==== The data

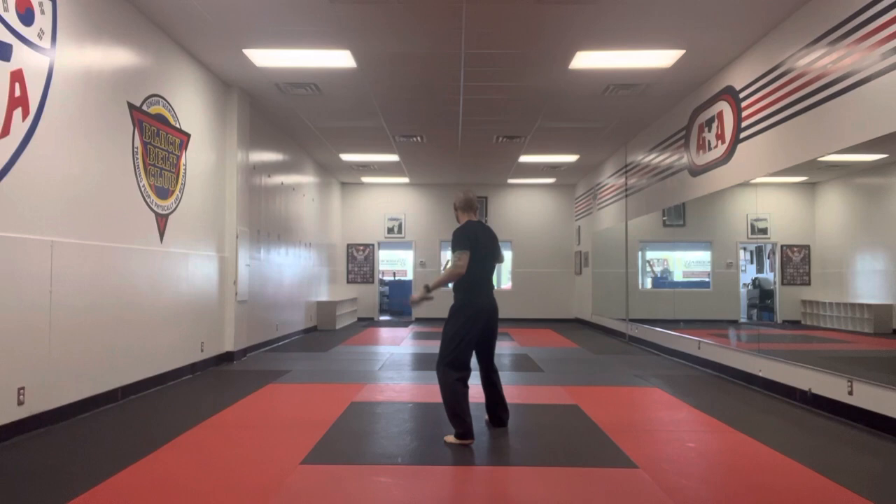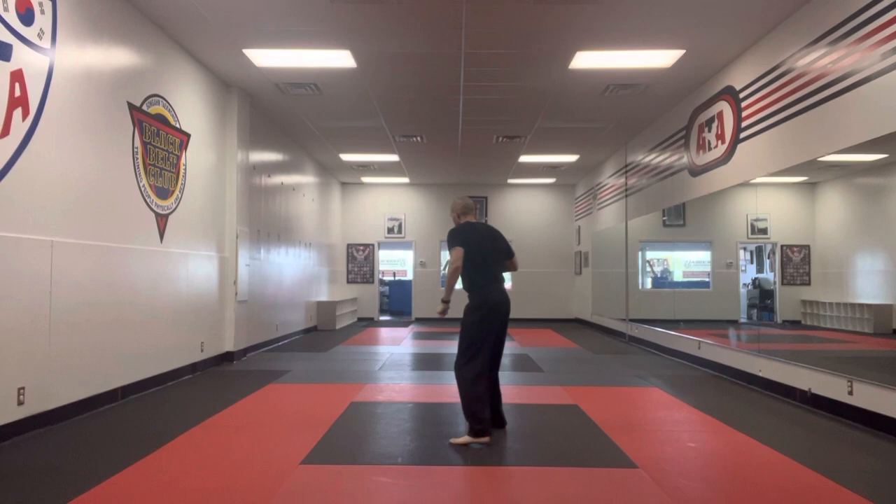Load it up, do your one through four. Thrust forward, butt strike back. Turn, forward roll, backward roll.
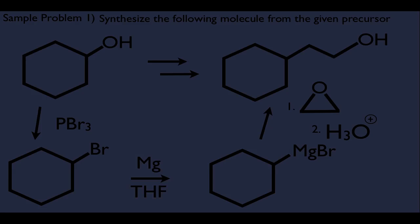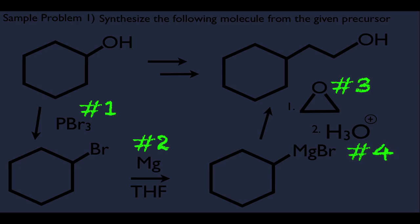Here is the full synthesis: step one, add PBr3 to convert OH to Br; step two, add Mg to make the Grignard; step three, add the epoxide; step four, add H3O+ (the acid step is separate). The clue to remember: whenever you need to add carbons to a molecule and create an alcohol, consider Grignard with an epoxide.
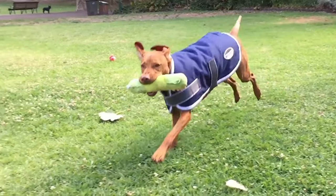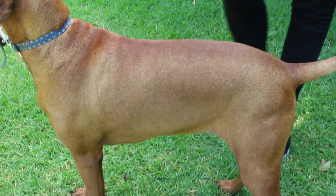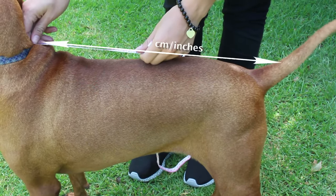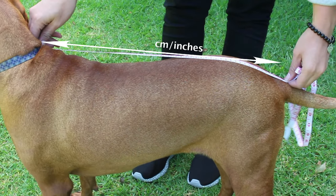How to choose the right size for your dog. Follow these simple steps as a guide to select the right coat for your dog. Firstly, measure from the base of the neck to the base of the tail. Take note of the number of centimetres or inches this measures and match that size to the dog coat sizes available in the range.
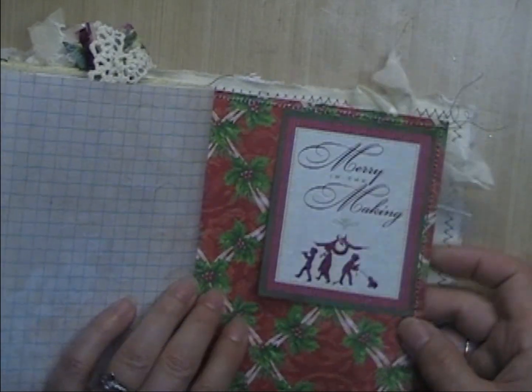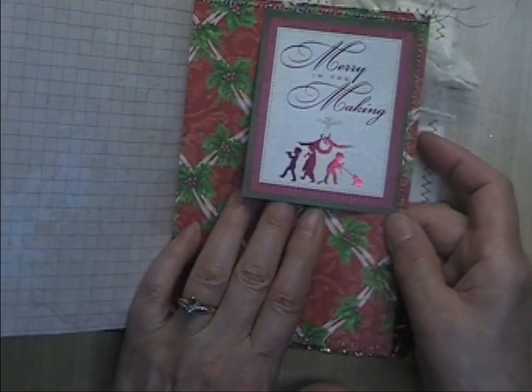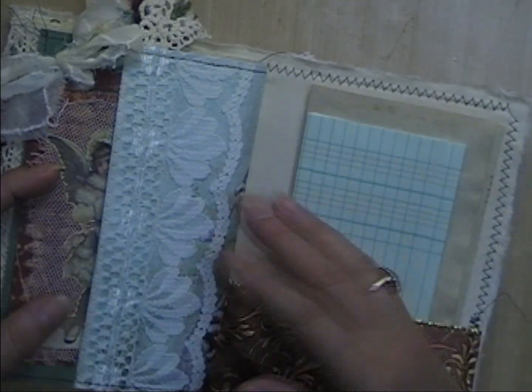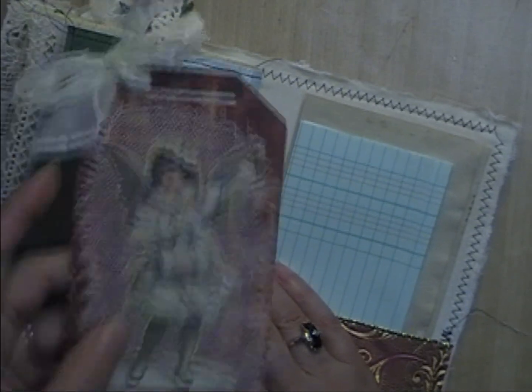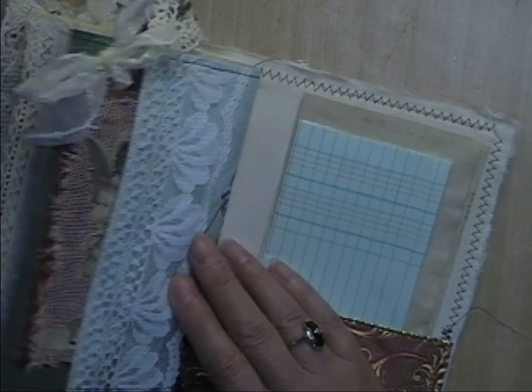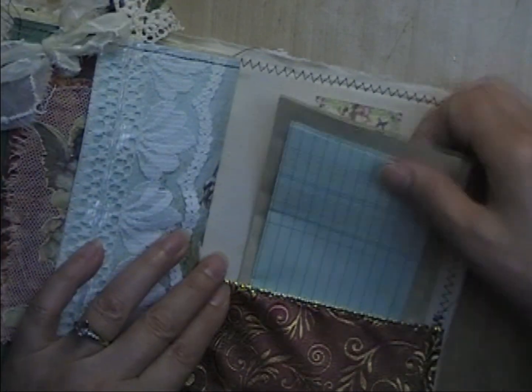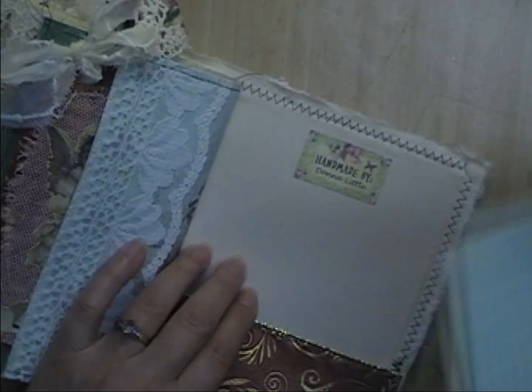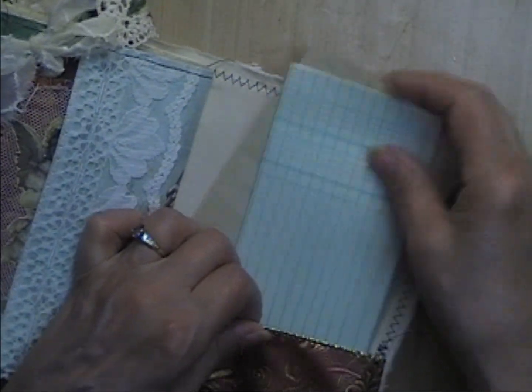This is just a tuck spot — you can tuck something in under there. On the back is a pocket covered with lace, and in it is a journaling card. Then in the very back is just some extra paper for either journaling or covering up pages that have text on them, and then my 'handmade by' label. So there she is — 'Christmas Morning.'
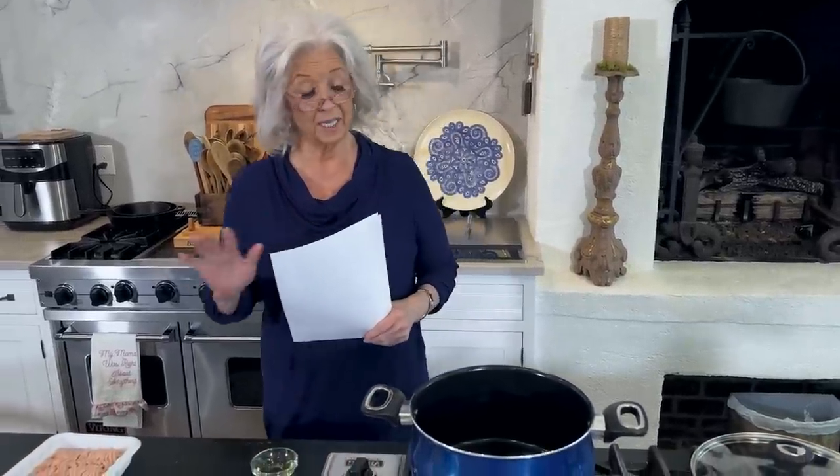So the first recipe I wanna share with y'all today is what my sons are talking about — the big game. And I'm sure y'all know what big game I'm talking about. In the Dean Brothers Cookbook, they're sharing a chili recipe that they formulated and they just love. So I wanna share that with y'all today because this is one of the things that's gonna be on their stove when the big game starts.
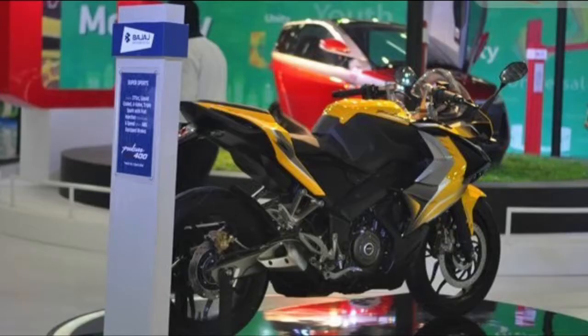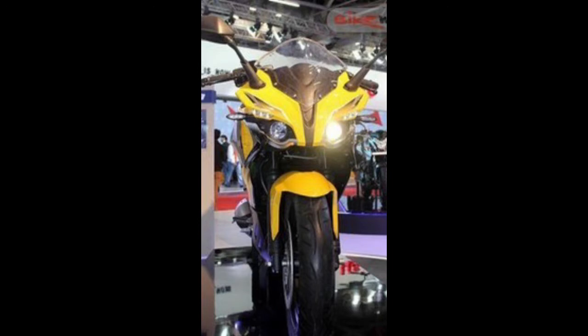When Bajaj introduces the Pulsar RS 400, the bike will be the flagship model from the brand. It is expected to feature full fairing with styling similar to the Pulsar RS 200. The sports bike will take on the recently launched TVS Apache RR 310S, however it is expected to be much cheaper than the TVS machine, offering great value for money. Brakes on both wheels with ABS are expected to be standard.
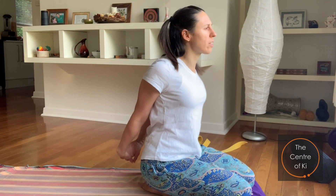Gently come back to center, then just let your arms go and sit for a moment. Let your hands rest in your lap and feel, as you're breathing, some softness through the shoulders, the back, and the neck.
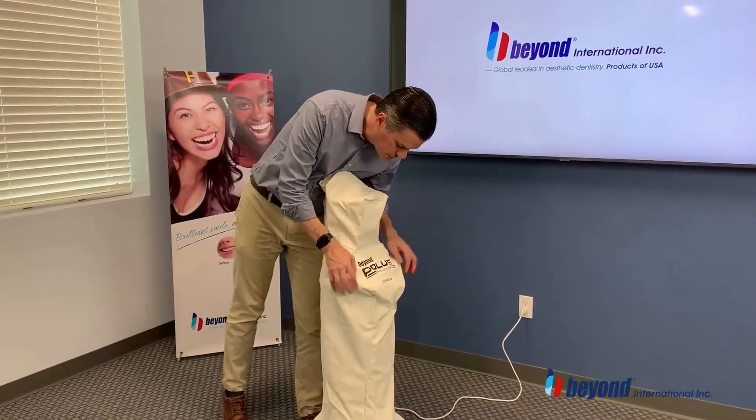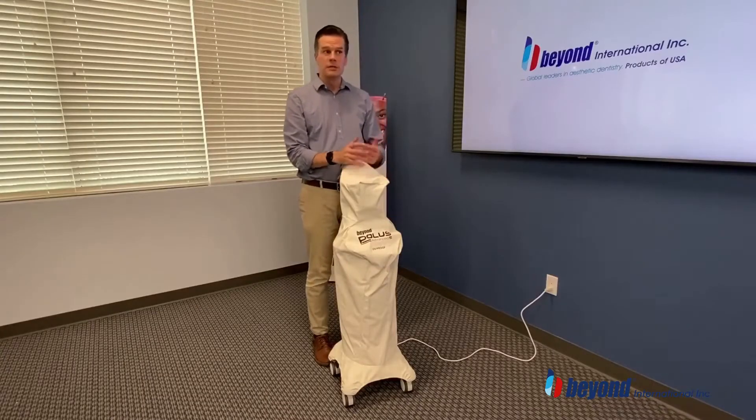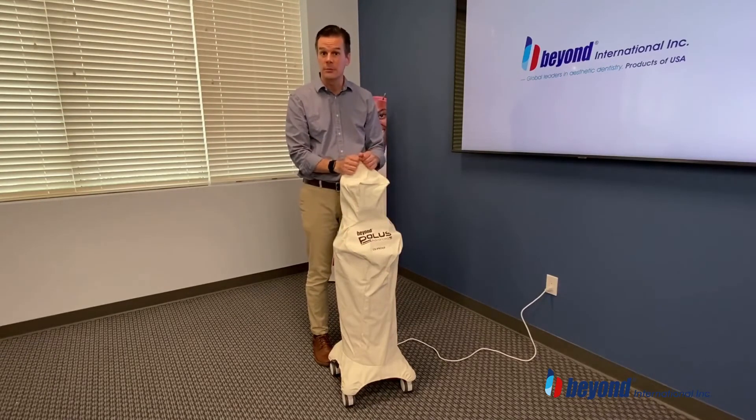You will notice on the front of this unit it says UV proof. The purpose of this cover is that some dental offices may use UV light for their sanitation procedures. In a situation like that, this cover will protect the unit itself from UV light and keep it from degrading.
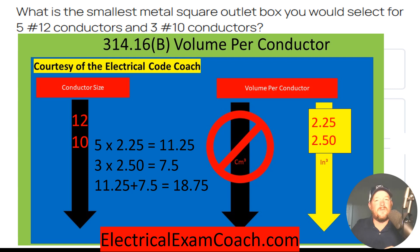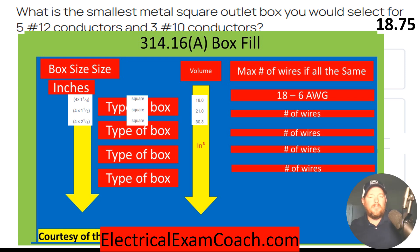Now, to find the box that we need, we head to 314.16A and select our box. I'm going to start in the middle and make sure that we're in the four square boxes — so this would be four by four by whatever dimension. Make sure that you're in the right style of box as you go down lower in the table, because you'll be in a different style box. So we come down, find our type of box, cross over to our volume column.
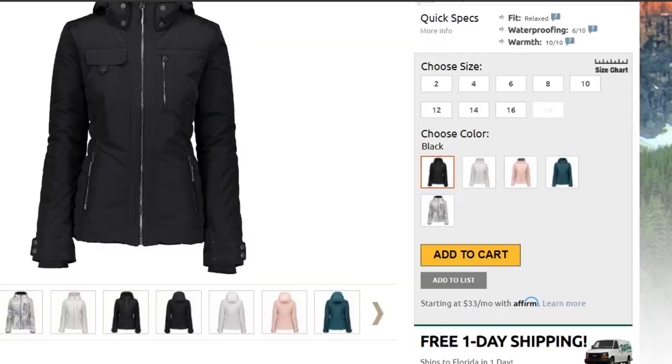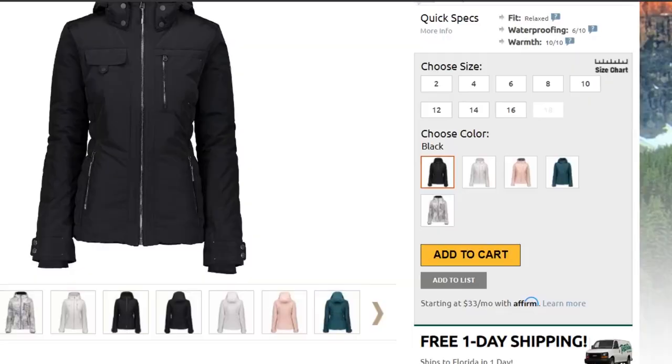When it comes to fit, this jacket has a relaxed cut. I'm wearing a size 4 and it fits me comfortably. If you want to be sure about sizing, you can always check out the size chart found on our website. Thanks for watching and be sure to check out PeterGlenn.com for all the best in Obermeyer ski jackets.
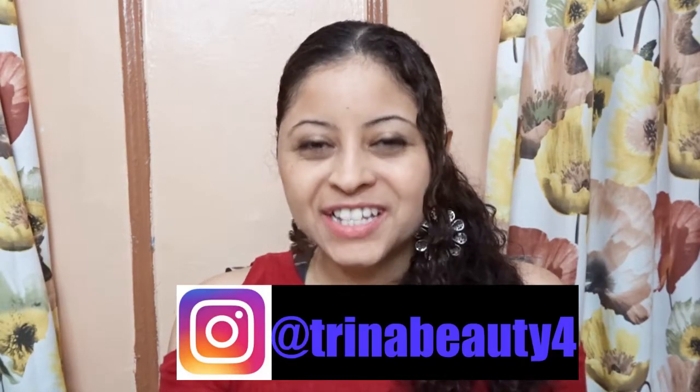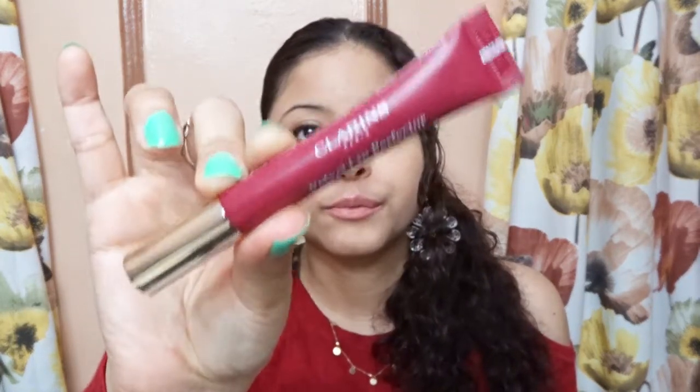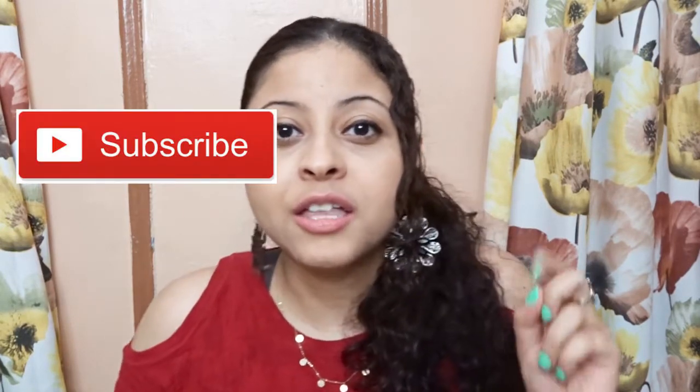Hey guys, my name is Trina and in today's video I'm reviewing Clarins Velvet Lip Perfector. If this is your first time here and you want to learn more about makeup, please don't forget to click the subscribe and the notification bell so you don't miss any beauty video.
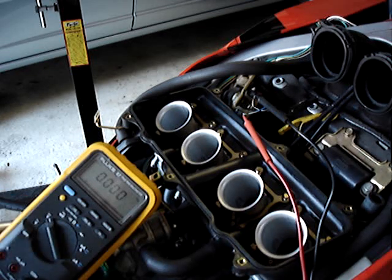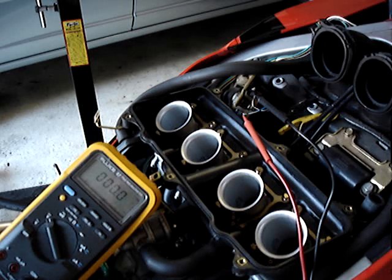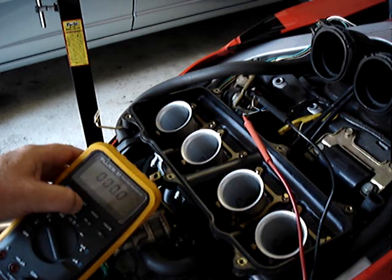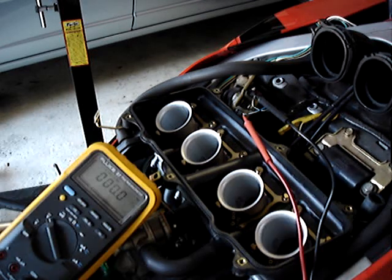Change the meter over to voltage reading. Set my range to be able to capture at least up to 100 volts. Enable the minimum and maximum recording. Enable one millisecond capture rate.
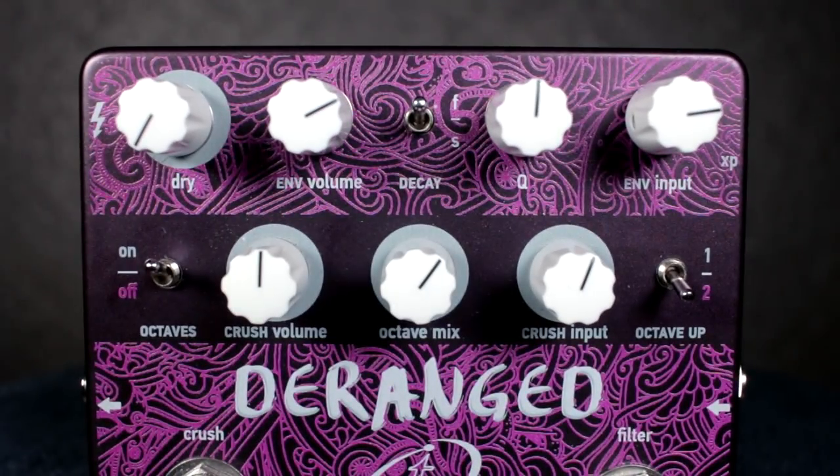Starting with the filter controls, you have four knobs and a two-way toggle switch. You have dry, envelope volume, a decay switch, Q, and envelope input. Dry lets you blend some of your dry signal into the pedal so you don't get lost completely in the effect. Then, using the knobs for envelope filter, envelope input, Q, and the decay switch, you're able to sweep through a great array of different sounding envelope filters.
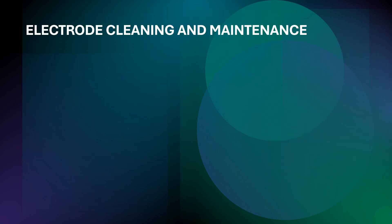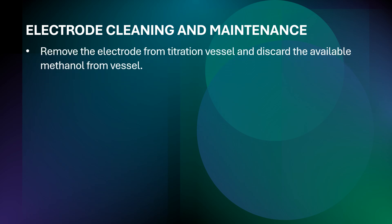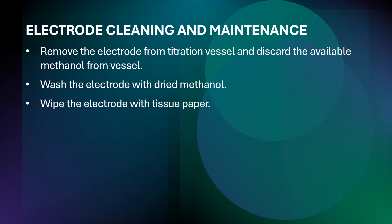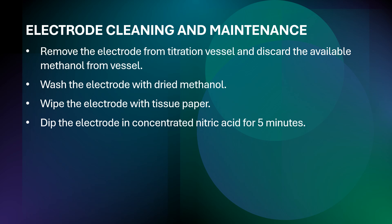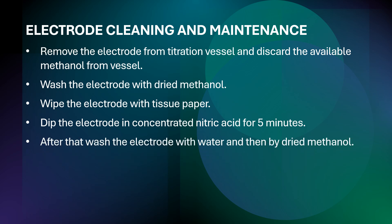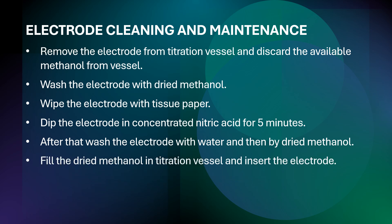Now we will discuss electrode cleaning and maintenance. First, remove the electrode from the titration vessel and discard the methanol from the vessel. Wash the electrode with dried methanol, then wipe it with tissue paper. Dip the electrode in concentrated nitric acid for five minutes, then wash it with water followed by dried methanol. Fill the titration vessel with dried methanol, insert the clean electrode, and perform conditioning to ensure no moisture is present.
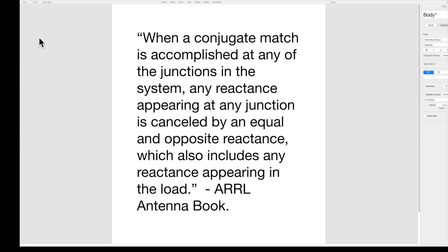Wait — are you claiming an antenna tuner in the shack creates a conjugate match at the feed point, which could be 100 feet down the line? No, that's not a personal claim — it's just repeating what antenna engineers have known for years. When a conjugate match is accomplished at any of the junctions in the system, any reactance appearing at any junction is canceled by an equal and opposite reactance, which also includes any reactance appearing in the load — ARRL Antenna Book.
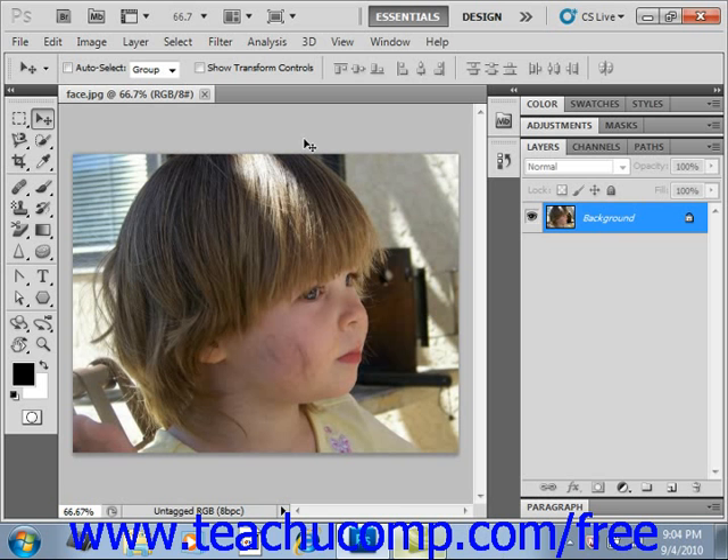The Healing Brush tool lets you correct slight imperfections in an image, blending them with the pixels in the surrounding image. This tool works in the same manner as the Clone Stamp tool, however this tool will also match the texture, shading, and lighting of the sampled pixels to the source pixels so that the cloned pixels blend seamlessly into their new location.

========

What to do |
Go to the line above that contains "So the first" and reproduce everything exactly from there through the line that contains "Gently come back", leaving out the pictures.

Answer section |
So the first recipe I wanna share with y'all today is what my sons are talking about — the big game. And I'm sure y'all know what big game I'm talking about. In the Dean Brothers Cookbook, they're sharing a chili recipe that they formulated and they just love. So I wanna share that with y'all today because this is one of the things that's gonna be on their stove when the big game starts.
When Bajaj introduces the Pulsar RS 400, the bike will be the flagship model from the brand. It is expected to feature full fairing with styling similar to the Pulsar RS 200. The sports bike will take on the recently launched TVS Apache RR 310S, however it is expected to be much cheaper than the TVS machine, offering great value for money. Brakes on both wheels with ABS are expected to be standard.
Gently come back to center, then just let your arms go and sit for a moment. Let your hands rest in your lap and feel, as you're breathing, some softness through the shoulders, the back, and the neck.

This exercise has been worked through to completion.